Niccolò Ghedini ci ha lasciati. No, non è così. Lui è ancora qui. Rimane la sua figura di avvocato, di giurista, di politico, di uomo.
Un avvocato che della difesa ha fatto una ragione di vita. Nessun atto del fascicolo, anche quello che appariva a prima vista ininfluente, veniva tralasciato. Ma il suo non era uno studio acritico, meramente mnemonico. L’acume e l’intelligente disamina delle questioni, sia processuali sia sostanziali, ne caratterizzava il profilo e lo stile.

Era un fine giurista in grado di elaborare, con la profonda preparazione in diritto unita a una cultura eclettica, complesse argomentazioni per sostenere le eccezioni che proponeva all’attenzione del giudicante.
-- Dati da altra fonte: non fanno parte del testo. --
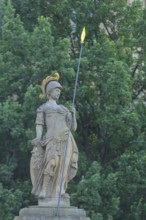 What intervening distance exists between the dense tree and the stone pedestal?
4668 mm

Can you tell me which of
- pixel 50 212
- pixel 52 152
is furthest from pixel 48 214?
pixel 52 152

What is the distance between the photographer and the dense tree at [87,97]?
21.7 metres

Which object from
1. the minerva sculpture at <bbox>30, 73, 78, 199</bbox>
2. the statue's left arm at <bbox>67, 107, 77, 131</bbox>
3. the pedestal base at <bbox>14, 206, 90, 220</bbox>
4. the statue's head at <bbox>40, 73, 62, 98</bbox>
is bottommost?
the pedestal base at <bbox>14, 206, 90, 220</bbox>

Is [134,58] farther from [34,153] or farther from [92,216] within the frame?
[34,153]

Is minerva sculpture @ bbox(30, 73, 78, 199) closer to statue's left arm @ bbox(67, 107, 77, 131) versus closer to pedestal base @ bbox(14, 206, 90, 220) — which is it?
statue's left arm @ bbox(67, 107, 77, 131)

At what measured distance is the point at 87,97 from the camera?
23.8 metres

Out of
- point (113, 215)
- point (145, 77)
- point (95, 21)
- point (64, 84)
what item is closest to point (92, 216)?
point (113, 215)

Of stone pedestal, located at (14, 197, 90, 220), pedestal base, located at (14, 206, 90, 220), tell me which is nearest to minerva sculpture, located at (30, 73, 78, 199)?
stone pedestal, located at (14, 197, 90, 220)

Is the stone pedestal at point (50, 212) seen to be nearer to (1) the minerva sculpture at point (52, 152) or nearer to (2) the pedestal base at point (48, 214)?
(2) the pedestal base at point (48, 214)

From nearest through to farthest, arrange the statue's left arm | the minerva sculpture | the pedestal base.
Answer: the pedestal base, the minerva sculpture, the statue's left arm

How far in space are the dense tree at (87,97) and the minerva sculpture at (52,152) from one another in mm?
4550

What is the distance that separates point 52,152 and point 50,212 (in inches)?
48.4

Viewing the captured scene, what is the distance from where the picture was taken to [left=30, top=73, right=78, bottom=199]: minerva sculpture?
16.2 metres

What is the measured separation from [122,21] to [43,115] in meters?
10.2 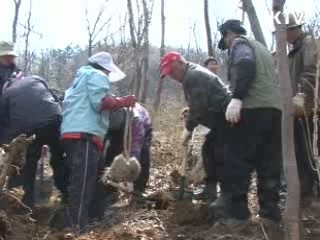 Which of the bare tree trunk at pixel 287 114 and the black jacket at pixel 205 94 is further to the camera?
the black jacket at pixel 205 94

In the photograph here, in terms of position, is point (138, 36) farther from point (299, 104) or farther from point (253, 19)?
point (299, 104)

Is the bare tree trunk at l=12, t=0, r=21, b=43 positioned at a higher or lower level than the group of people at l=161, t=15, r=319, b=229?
higher

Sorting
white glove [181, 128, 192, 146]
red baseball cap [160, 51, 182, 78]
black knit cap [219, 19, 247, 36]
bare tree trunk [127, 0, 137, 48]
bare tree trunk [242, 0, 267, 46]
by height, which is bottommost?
white glove [181, 128, 192, 146]

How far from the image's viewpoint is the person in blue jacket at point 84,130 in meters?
4.74

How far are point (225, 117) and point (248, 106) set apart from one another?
0.30 meters

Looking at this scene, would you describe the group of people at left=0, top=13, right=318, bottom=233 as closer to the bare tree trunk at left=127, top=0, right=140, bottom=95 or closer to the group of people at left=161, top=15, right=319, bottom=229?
the group of people at left=161, top=15, right=319, bottom=229

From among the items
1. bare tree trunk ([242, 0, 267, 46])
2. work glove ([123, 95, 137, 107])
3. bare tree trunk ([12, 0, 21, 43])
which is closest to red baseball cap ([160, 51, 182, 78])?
work glove ([123, 95, 137, 107])

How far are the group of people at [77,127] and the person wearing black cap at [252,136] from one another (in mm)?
1064

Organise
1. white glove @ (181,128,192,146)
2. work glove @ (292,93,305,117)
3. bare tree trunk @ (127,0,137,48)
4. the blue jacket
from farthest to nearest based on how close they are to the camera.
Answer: bare tree trunk @ (127,0,137,48) → white glove @ (181,128,192,146) → the blue jacket → work glove @ (292,93,305,117)

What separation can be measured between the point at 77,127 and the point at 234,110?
131cm

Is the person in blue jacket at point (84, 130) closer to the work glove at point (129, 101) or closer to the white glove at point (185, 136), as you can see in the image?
the work glove at point (129, 101)

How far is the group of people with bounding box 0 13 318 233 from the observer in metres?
4.48

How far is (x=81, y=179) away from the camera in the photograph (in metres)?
4.74

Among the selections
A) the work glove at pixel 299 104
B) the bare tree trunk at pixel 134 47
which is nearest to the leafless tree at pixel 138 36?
the bare tree trunk at pixel 134 47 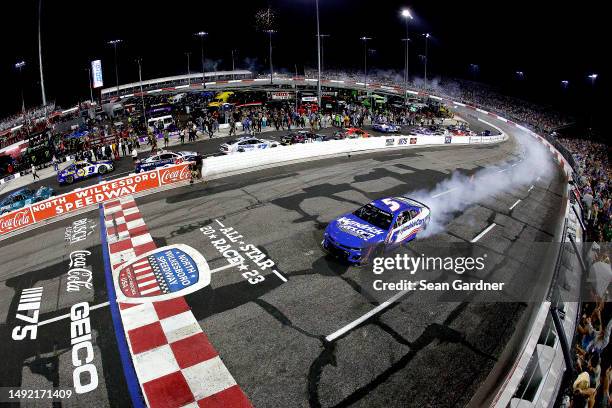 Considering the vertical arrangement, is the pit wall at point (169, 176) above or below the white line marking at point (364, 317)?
above

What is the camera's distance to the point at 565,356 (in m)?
6.00

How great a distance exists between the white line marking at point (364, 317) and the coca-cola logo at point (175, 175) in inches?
517

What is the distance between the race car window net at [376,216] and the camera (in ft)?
36.6

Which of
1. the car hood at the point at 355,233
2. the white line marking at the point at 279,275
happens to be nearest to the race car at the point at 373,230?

Era un politico che ha saputo, utilizzando la sua ricca esperienza di avvocato, trasmettere un valore aggiunto a chi l’ha conosciuto e apprezzato in Parlamento, anche se con idee e programmi politici diversi perché era profondamente convinto che un avvocato penalista non smette di essere tale sol perché eletto ma porta con sé e mai dimentica i valori e i principi del diritto penale liberale e del giusto processo.

Era da ultimo, ma non certo per ultimo, un uomo che non viveva di soli processi, come si potrebbe erroneamente immaginare. Dotato di un senso dell’umorismo fulminante, era capace di fare battute divertenti che strappavano risate spontanee. Aveva anche molteplici passioni come quella per le automobili, per l’arte, per la natura e gli animali, argomenti che insieme alla procedura penale ci hanno unito in questi trent’anni di lunghe e appassionate conversazioni. È e rimane un esempio, anche per le generazioni future, di impegno, di rigore, di dignità e correttezza. No, lui non ci ha lasciati.